I’m out for the evening in a random city. All by my lonesome.
I’ve been working online all day and now I find myself craving some human interaction, jonesing for a conversation of the non-virtual variety.
But there’s that Resistence1.
I’m reluctant to strike up a conversation with a stranger. The excuses come easily to my mind:
- They might not speak English
- They might think I’m weird
- They might be weird
- That might be her boyfriend
And so on.
But I know deep down that every excuse stems from this: I’m afraid to fail.
I’m afraid that I’ll try connect with a stranger and they’ll reject me. And then I’ll feel like a worthless fool, all alone in a strange city.
But before trundling too far down that dark corridor of negative thought, I remind myself that there is a way out.

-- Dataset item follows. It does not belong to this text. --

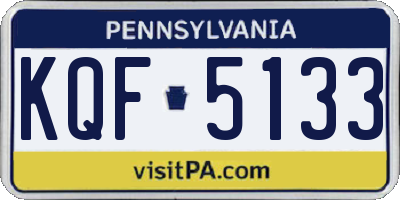 PA license plate KQF5133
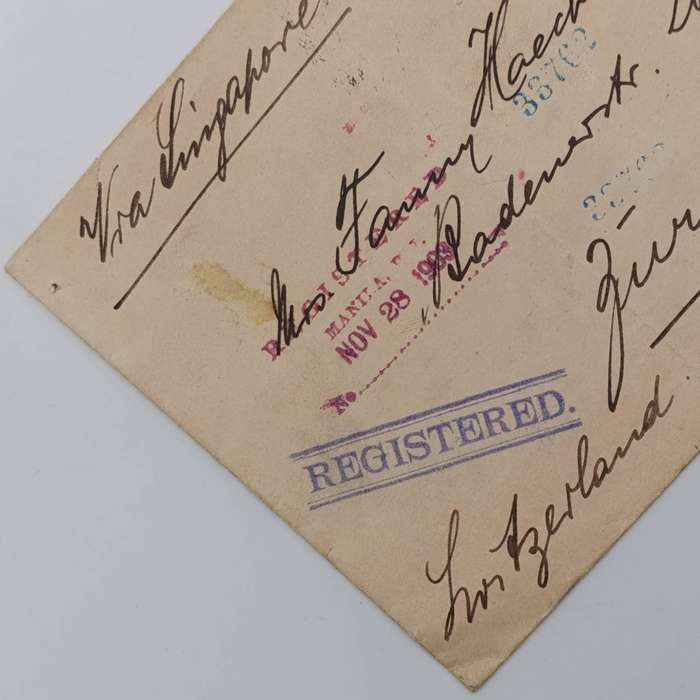 Registered letter sent from Manila, Philippines via Singapore to Zurich , Switzerland with 2 x US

All I need to do, is fail on purpose.
With that in mind, I approach a random stranger. There’s no pressure. I don’t have to impress this person. I don’t have to connect with them. I’m allowing myself to fail. I can say or do anything I want, have fun, amuse myself.
If I get rejected, it’s mission accomplished. I’ll have failed on purpose.
And after I fuck it up, I’ll walk away with a smile on my face, reassured that the world is indifferent to my failure (it keeps on spinning regardless), reassured that it doesn’t matter what one or a dozen random strangers think of me.
Having relearned this lesson, the next conversation will be easier. And the one after that will be easier again.
Fast forward to later that same evening and you’ll find me firing on all social cylinders, assuming rapport with everyone I meet, easily making new friends, wondering what the hell I was so scared of just a few hours before.